> _BRIEF_
When you reach the line with "Having that shade", start repeating the lines exactly and keep going to the end of the records, but drop every picture.

> _SUPPLIED DATA_

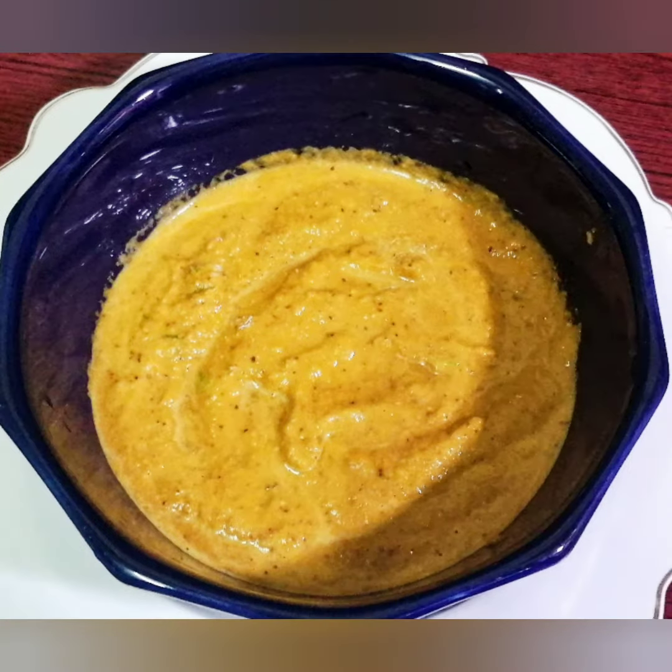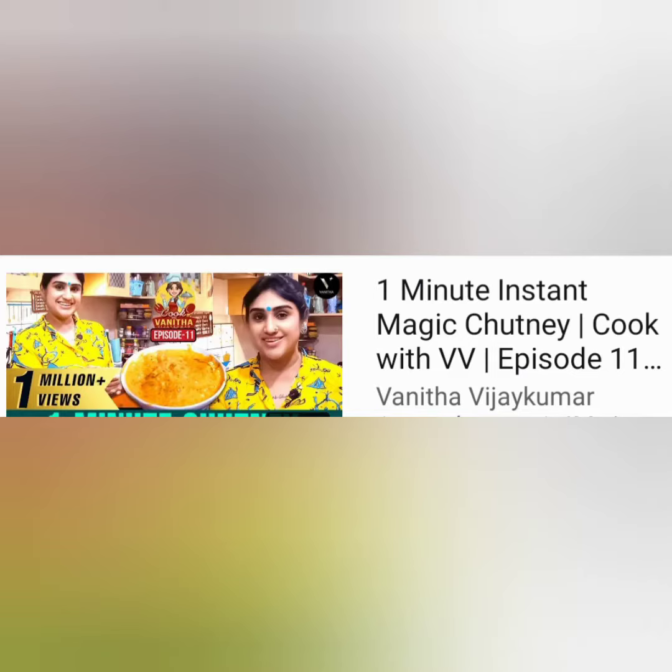Who is the inspiration for this recipe? My favorite recipe inspiration is Vanita Vijaykumar. This recipe is very good.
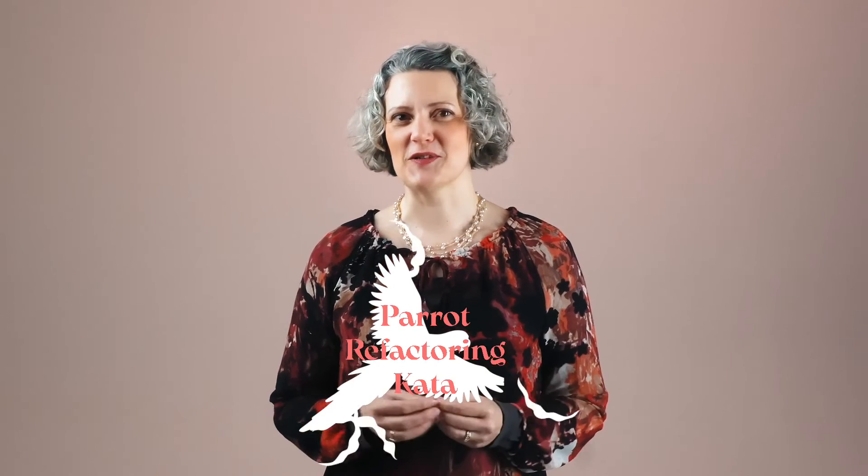I am a big fan of the Python programming language and the Parrot Refactoring Kata is also a favourite of mine. So today we're going to do Parrot with Python.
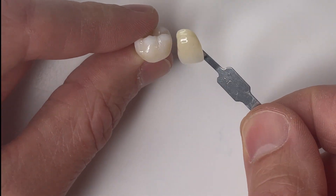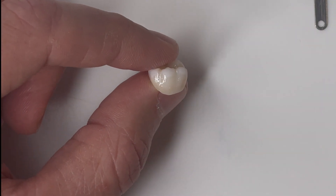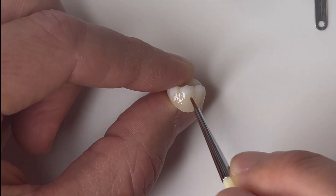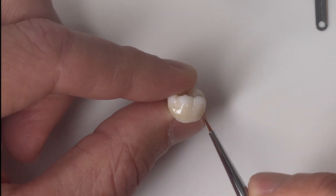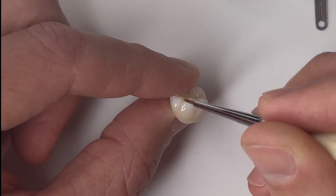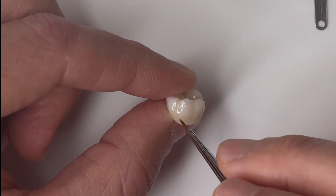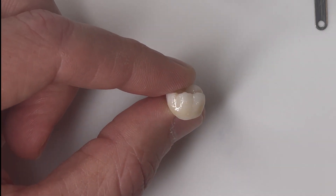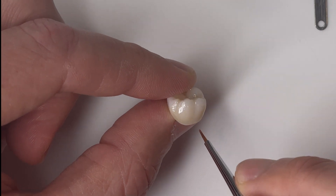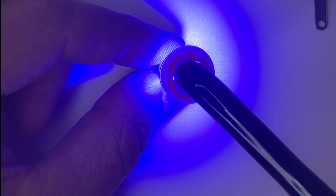Having that shade guide handy means you can check your progress every once in a while. I can see I'm a little bit low in chroma still, so I'm going to go back and add yet another layer. As I start to get close to my intended shade, I'm going to cover the entire crown to make sure we don't have any areas that are too bright. Then going back and adding just a little bit more in that cervical third.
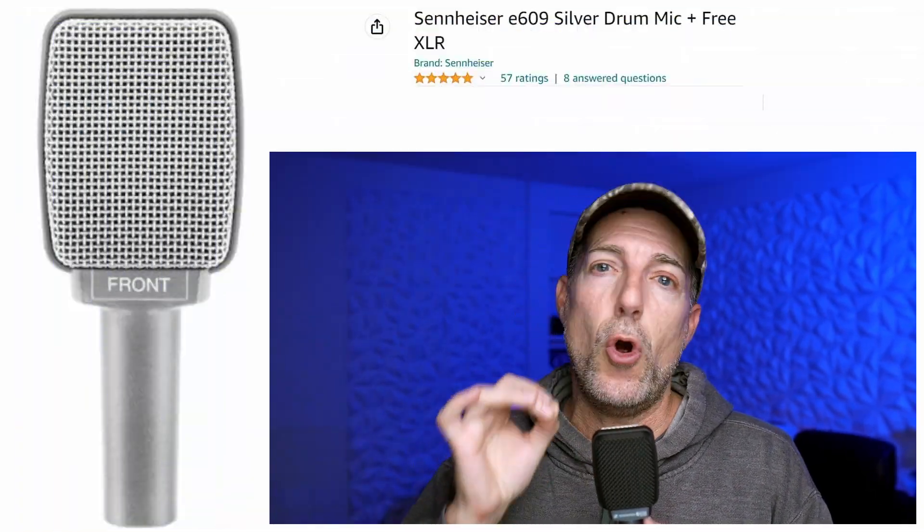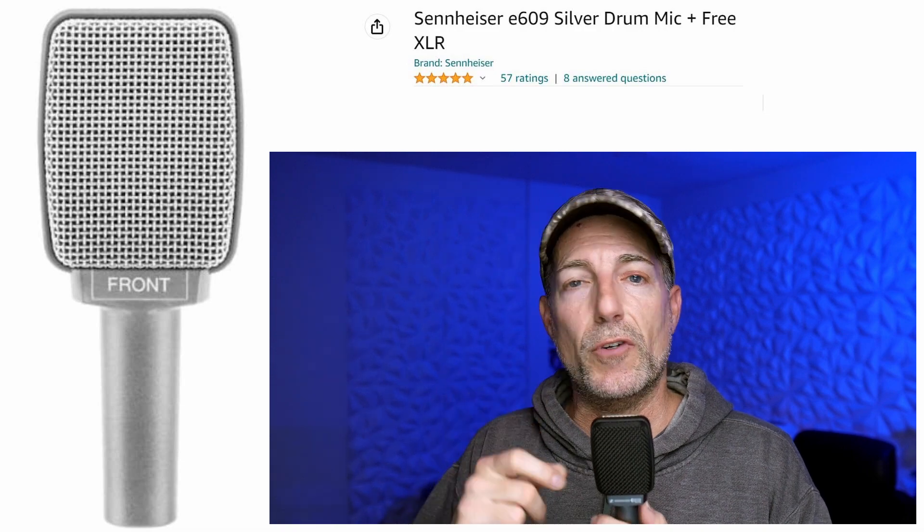This is a quick review of the Sennheiser E609. This is a silver and black XLR microphone — this is not a vocal microphone or something you'd want to use for vocals. Instead, you're going to use this for bass cabinets, electric guitars, or even acoustic.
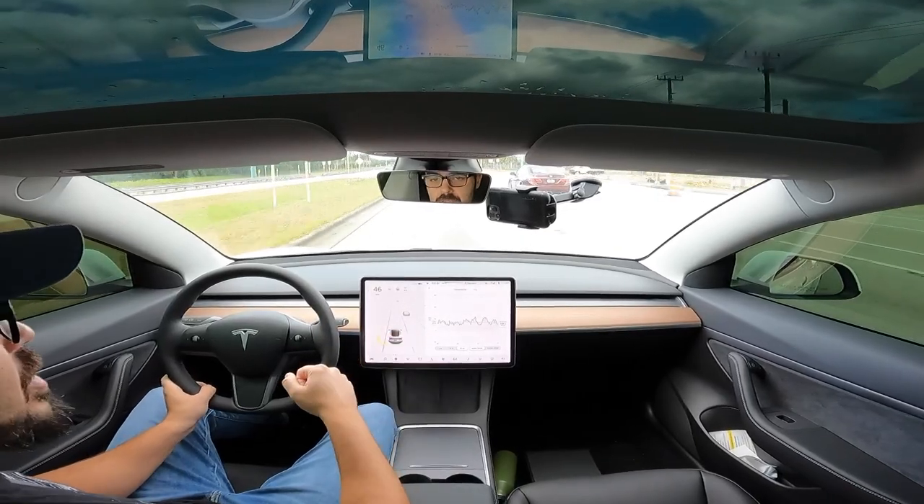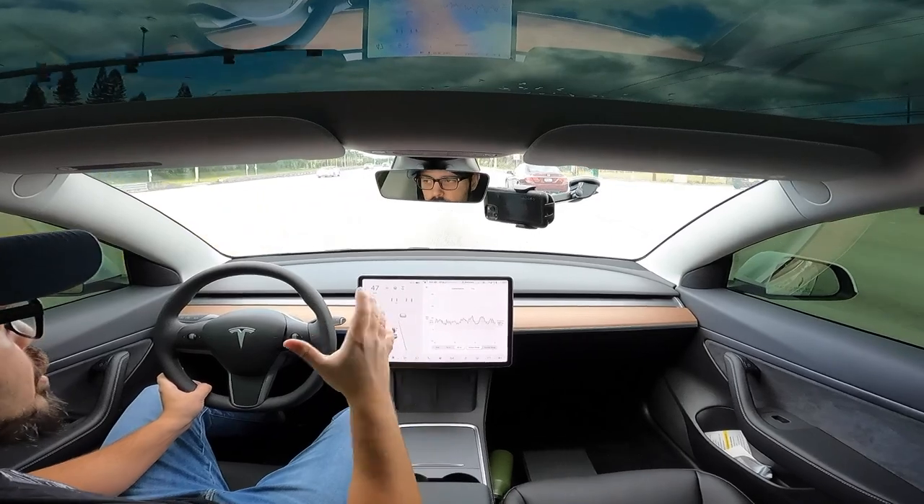I want to take a minute to say thank you to everyone who has purchased a new Tesla using my referral link down in the description. I hope you're enjoying your first 1,000 free supercharger miles — that's what you get when you use my link. I also get 1,000 free supercharger miles, so thank you to everyone who purchased a brand new Tesla using my link.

> _WRITTEN REPLY_
Having that shade guide handy means you can check your progress every once in a while. I can see I'm a little bit low in chroma still, so I'm going to go back and add yet another layer. As I start to get close to my intended shade, I'm going to cover the entire crown to make sure we don't have any areas that are too bright. Then going back and adding just a little bit more in that cervical third.
This is a quick review of the Sennheiser E609. This is a silver and black XLR microphone — this is not a vocal microphone or something you'd want to use for vocals. Instead, you're going to use this for bass cabinets, electric guitars, or even acoustic.
I want to take a minute to say thank you to everyone who has purchased a new Tesla using my referral link down in the description. I hope you're enjoying your first 1,000 free supercharger miles — that's what you get when you use my link. I also get 1,000 free supercharger miles, so thank you to everyone who purchased a brand new Tesla using my link.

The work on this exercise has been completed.